Luc Vandevelde is one of a growing number of former top retail managers who have made their way into the lucrative world of private equity.
The London-based business invests in medium-sized consumer goods companies and retailers throughout Europe.
Vandevelde (61) is thus in an excellent position to compare the very different worlds of the Plc and the private equity-financed mid-cap.
This polite, polyglot Belgian is modest about his own achievements and stresses the importance of fellow MDs Roger Holmes, Steve Petrow, and Stephan Lobmeyr.
He also feels that the title of CEO should be translated as „Chief Enabling Officer“ rather than as „Chief Execution Officer“.
Mr Vandevelde, how is CCP structured?
CCP was created at the end of 2003 after I left Marks & Spencer as Chairman. We now operate our second private equity fund. Our first fund of €300m has closed, and all investments were sold.
Our second one has committed capital of slightly less than €200m. We are about 70 per cent invested and should like to do two or three more investments.
What type of companies are you looking for?
We invest in mid-cap consumer goods and retail businesses across Europe. Typically these companies have annual revenues of €50m to €200m and an enterprise value of €25m to €100m. Our average equity cheque is around €30m, beyond which level we aim to attract co-investors.
Do you always control the companies you co-invest in, and what is your typical hold?
We only take controlling stakes, or ones where we can exercise a major influence on our investment. The funds have a lifetime of around ten to twelve years, which is fairly typical for private equity; and we keep our portfolio companies for an average of around five years.
You invest your own money in the fund. Who else is behind CCP?
We have a total of around 20 LPs (investors). My friend and mentor Paul-Louis Halley was the sponsor of our first fund. Our investors include pension funds, high net worth individuals, and funds of funds.
What are your current portfolio companies?
We have five investments that span four European countries. In Germany we are invested in food brand Schneekoppe, as well as in Munich-based fashion chain Hallhuber; Paule Ka is a fast-growing luxury fashion brand in France; Macduff is a frozen shellfish company with great potential in Scotland; and Rossopomodoro is a major high-end Italian restaurant chain that we are developing internationally.
You used to be invested in fashion company Jil Sander.
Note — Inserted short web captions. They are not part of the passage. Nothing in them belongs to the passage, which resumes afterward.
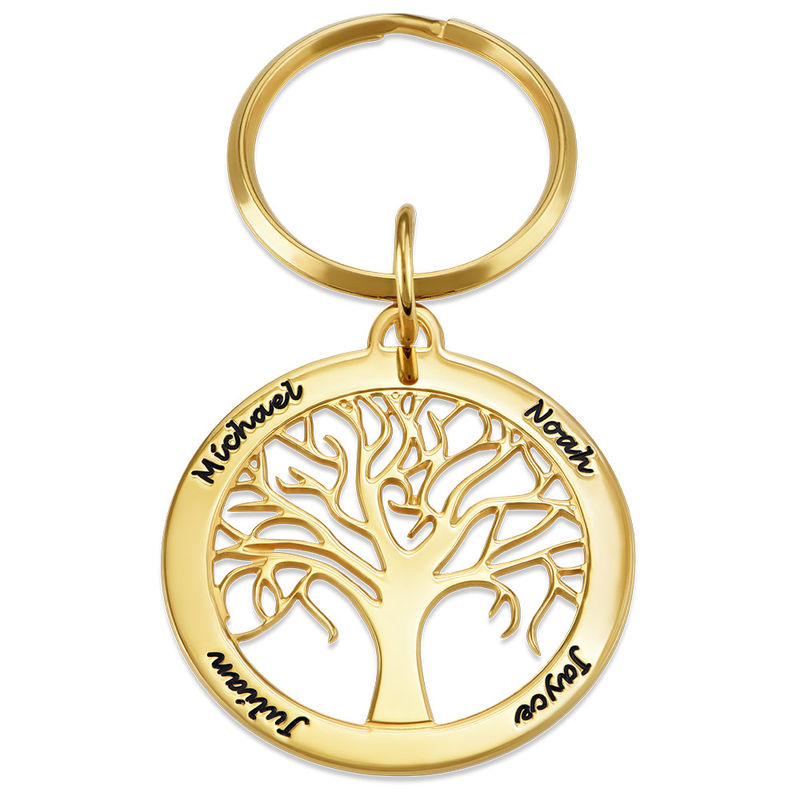 Personalized Family Tree Keychain in Gold Plating
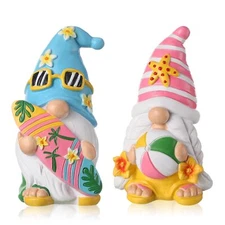 Summer Decorations Mini Beach Gnomes Figurines Indoor Tabletop Gift 2 Pieces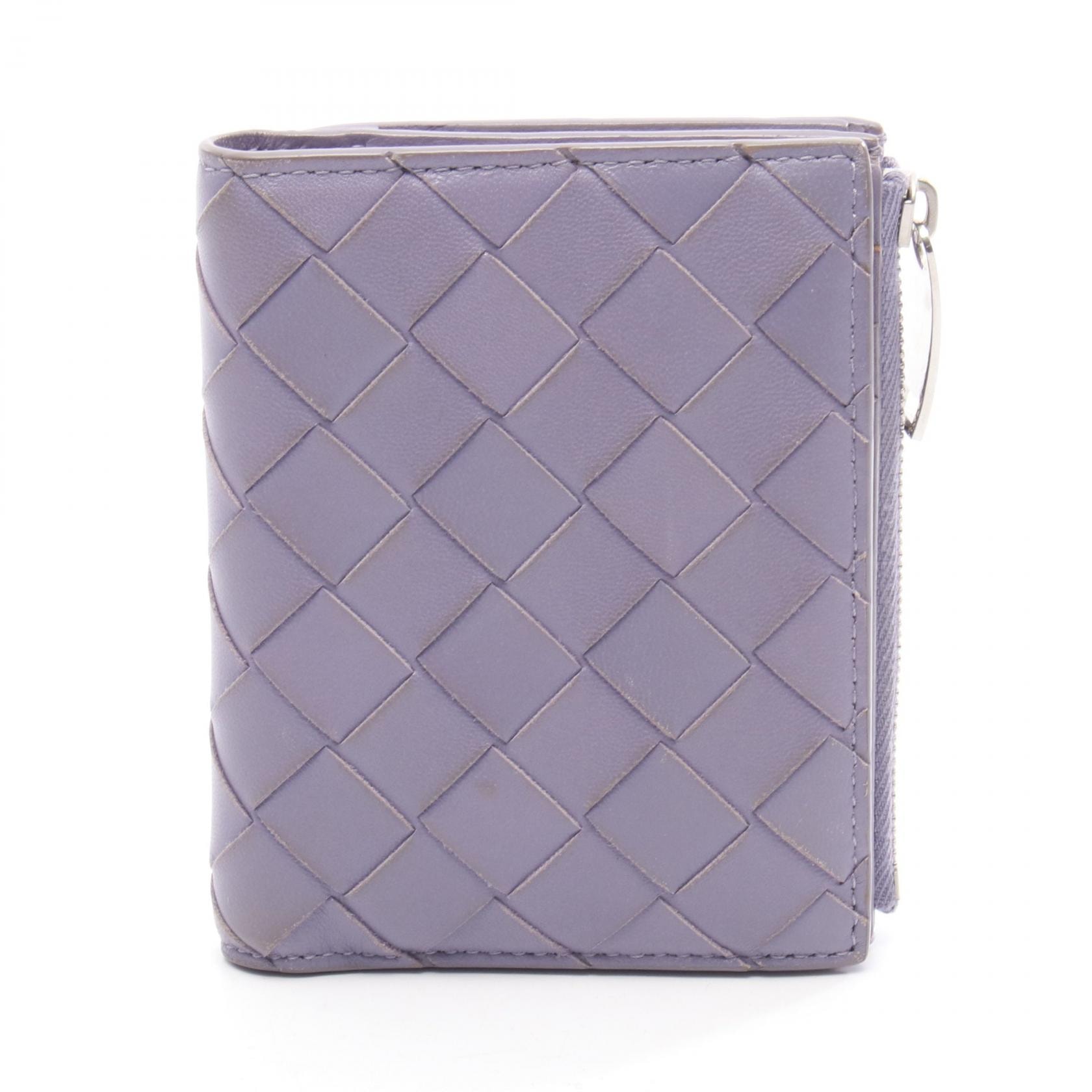 ボッテガヴェネタ BOTTEGA VENETA イントレチャート 二つ折り財布 財布 レザー レディース パープル系 【中古】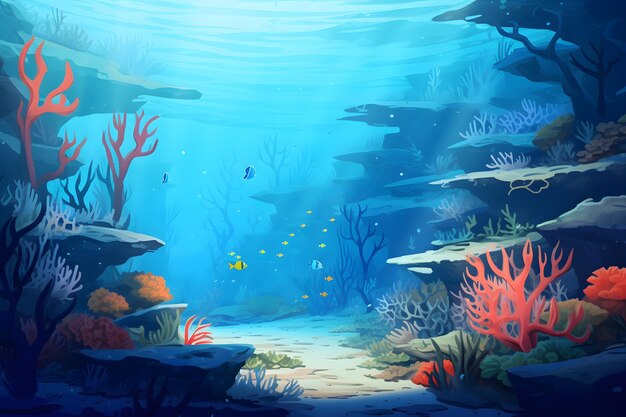 Photo récif corallien sous-marin avec des poissons en arrière-plan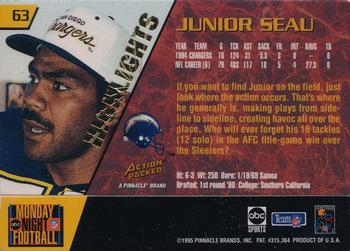 1995 Action Packed Monday Night Football - Highlights #63 Junior Seau Back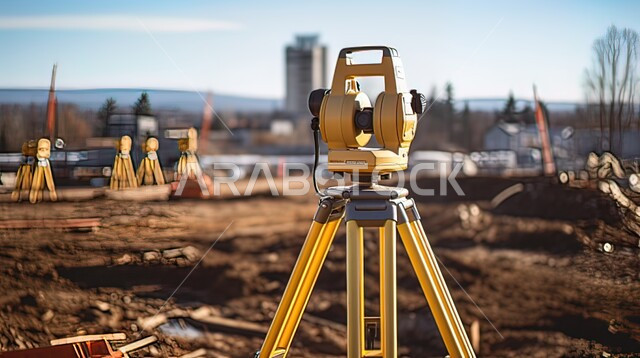 Drawing up a plan to start work, a building under construction, a close-up of a construction site scanning device, the concept of architectural engineering, architectural engineering development in the Kingdom of Saudi Arabia, engineering professions and jobs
Are you now moving more towards food?
Not just food, but also consumer goods, as they are our real core business. The other operating partner, ex-Marks & Spencer CEO Roger Holmes, and I have a considerable background in consumer goods and retailing. Therefore we would not do B2B, financial services or high-tech, where we have less expertise.
What type of return are you looking for?
We are shooting for a 25 per cent internal rate of return. Depending on how long we keep a company, we expect multiples to range from two to five times our investment.
Don’t such expectations almost invite an asset-stripping mentality whereby gain is maximised at the cost of jobs and the long-term future of the company?
I hear this type of question in Germany more than anywhere else, and I would like to set the record straight once and for all. It is a myth that private equity companies milk their portfolio companies.
Barbarians at the gate?
Casting witticisms aside, value creation basically depends on two things: how much you pay when you enter a company and how much you receive when you exit. The price you get when you exit is the determining factor, and this depends primarily on how much value you leave on the table.
If one has stripped a portfolio company of its jewels, you are unlikely to get a good sale price. We carefully plan our exit and prepare the company for its next phase of development. So the buyer will clearly see an opportunity beyond what you have already done.
How about an example from your own portfolio?
Take Hallhuber. We have invested in new management, new systems and store expansion. The number of employees has increased by 16.5 per cent in 2 years. The previous owner considered Hallhuber a non-core activity and was therefore reluctant to expand the business.
We aim to make the company national in Germany, which we are doing rapidly, and then to prove that the concept can be internationalised. Once we have done this, we shall probably seek a buyer.
Why do you believe that private equity has come in for some bad press in the past?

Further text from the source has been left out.